Po proteście i petycji pracowników SOSW nr 1, a także rodziców dzieci uczęszczających do placówki przy ul. Żwirki i Wigury, władze powiatu zdecydowały o pozostawieniu ośrodka w dotychczasowej lokalizacji. Stało się to po rozmowach, które przeprowadzono we wtorkowe przedpołudnie.
- Powiat Gnieźnieński otrzymał w zeszłym roku bon inwestycyjny na poziomie ponad 5 mln złotych i zastanawialiśmy się, jakie inwestycje warto byłoby poczynić po to, żeby promieniowały one dla następnych zarządzających, jeśli chodzi o funkcjonowanie naszych jednostek, nie tylko oświatowych. Jednym z pomysłów była inwestycja w SOSW nr 1 na zasadzie nowego obiektu przy ul. Powstańców Wielkopolskich. W zeszłym roku miałem spotkanie z gronem pedagogicznym, gdzie zapewniałem, że tej inwestycji nie będziemy prowadzić, ponieważ nie mieliśmy pieniędzy. Sytuacja diametralnie się nam zmieniła, kiedy ze strony rządu pojawiły się te pieniądze i wtedy uznaliśmy, że najlepiej jest zainwestować przede wszystkim w dzieci, by stworzyć im komfort pobytu w placówce - mówił starosta Piotr Gruszczyński. Jak wskazał, na terenie przy ul. Powstańców Wielkopolskich znajduje się dużo miejsca na nowy obiekt modułowy z perspektywą dalszej rozbudowy, a także sporo miejsca zielonego, podczas gdy przy ul. Żwirki i Wigury trudno jest myśleć o rozbudowie o np. salę sportową czy miejsca parkingowe.
- W zeszłym miesiącu spotkałem się z gronem pedagogicznym, przedstawiliśmy tę koncepcję w związku z tym, że pieniądze pojawiły się w budżecie i wydawało mi się, że nie ma przeciwskazań, by ten projekt realizować. W piątek, a więc w zeszłym tygodniu mieliśmy spotkanie z rodzicami i miałem wrażenie, że jest podejście prawie że entuzjastyczne. Nagle wczoraj się okazało, że grono pedagogiczne chciałoby zostać w tym miejscu, gdzie są. Uznaliśmy, że nie należy nikogo na siłę unieszczęśliwiać, przychylając się do argumentów, które dzisiaj przedstawiło mi grono pedagogiczne - powiedział starosta Piotr Gruszczyński.

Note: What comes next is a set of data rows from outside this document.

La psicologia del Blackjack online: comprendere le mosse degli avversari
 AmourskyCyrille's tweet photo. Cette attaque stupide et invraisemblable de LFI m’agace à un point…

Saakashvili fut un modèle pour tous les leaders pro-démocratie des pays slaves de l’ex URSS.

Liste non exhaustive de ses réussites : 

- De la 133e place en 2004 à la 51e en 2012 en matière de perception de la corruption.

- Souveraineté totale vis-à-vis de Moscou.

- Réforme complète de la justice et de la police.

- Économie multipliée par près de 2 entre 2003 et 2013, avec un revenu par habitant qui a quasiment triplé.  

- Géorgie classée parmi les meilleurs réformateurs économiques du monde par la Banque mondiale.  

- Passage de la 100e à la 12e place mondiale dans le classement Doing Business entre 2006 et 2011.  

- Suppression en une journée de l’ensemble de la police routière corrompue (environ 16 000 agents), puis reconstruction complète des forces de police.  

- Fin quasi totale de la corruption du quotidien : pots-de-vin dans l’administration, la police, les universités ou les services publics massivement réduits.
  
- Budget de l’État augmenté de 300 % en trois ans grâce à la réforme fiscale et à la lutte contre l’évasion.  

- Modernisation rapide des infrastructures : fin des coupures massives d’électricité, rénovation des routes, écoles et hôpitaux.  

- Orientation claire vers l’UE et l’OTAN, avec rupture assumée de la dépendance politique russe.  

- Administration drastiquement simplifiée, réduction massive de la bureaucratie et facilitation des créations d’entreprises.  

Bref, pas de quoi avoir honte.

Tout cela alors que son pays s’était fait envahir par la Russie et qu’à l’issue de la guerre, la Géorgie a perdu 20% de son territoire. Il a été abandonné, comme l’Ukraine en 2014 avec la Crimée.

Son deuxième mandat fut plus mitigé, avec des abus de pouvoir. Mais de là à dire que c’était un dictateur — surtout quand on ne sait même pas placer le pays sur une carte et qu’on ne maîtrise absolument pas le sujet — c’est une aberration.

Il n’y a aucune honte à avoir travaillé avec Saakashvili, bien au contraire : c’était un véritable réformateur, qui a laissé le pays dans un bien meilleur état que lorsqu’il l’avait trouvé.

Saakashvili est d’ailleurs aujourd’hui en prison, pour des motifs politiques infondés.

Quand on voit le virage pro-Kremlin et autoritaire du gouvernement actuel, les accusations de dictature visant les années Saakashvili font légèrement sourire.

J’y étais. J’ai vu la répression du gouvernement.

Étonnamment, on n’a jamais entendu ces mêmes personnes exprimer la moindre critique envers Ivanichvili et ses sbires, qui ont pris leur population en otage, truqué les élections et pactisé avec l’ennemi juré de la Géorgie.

Kamilla Kropidłowska, dyrektor SOSW nr 1 przekazała: - Wiele nieporozumień powstało z różnych określeń, jakie padały - łączenie, likwidacja, przeniesienie. Ktoś, kto nie jest zainteresowany tematem, mógł to uznać za synonimy, a dla rodziców i ich dzieci oraz kadry były to różne określenia. Odbyło się wiele spotkań, były też wizje lokalne na terenie, na którym miały powstać nowy budynek dla nas i to wszystko spowodowało burzę mózgów zainteresowanych. Były spotkania z radą pedagogiczną, rodzicami, rozmawialiśmy wewnątrz, by znaleźć wspólne zdanie i kierunek. Po tych wszystkich rozmowach, konsultacjach dziękujemy, że wysłuchano wszystkich stron i Starostwo przychyliło się do prośby większości rodziców oraz członków załogi, byśmy jednak zostali w tym budynku, który mamy do tej pory - mówiła, wskazując iż dzieci potrzebując poczucia bezpieczeństwa oraz stałości: - Wiele z nich ma problem z zapamiętywaniem nawet układu pomieszczeń. W tej sytuacji rodzice byli bardzo zaniepokojeni tym, czy dzieci odnajdą się w nowym otoczeniu i ile to potrwa. Powstały koncepcje, propozycje, by jednak zostawić nas w tym ośrodku i pozwolić tam kontynuować edukację, terapię w tym miejscu, w którym wyrośliśmy przez ostatnie 50 lat - dodała Kamilla Kropidłowska. Podziękowała za osiągnięcie porozumienia w całej sprawie.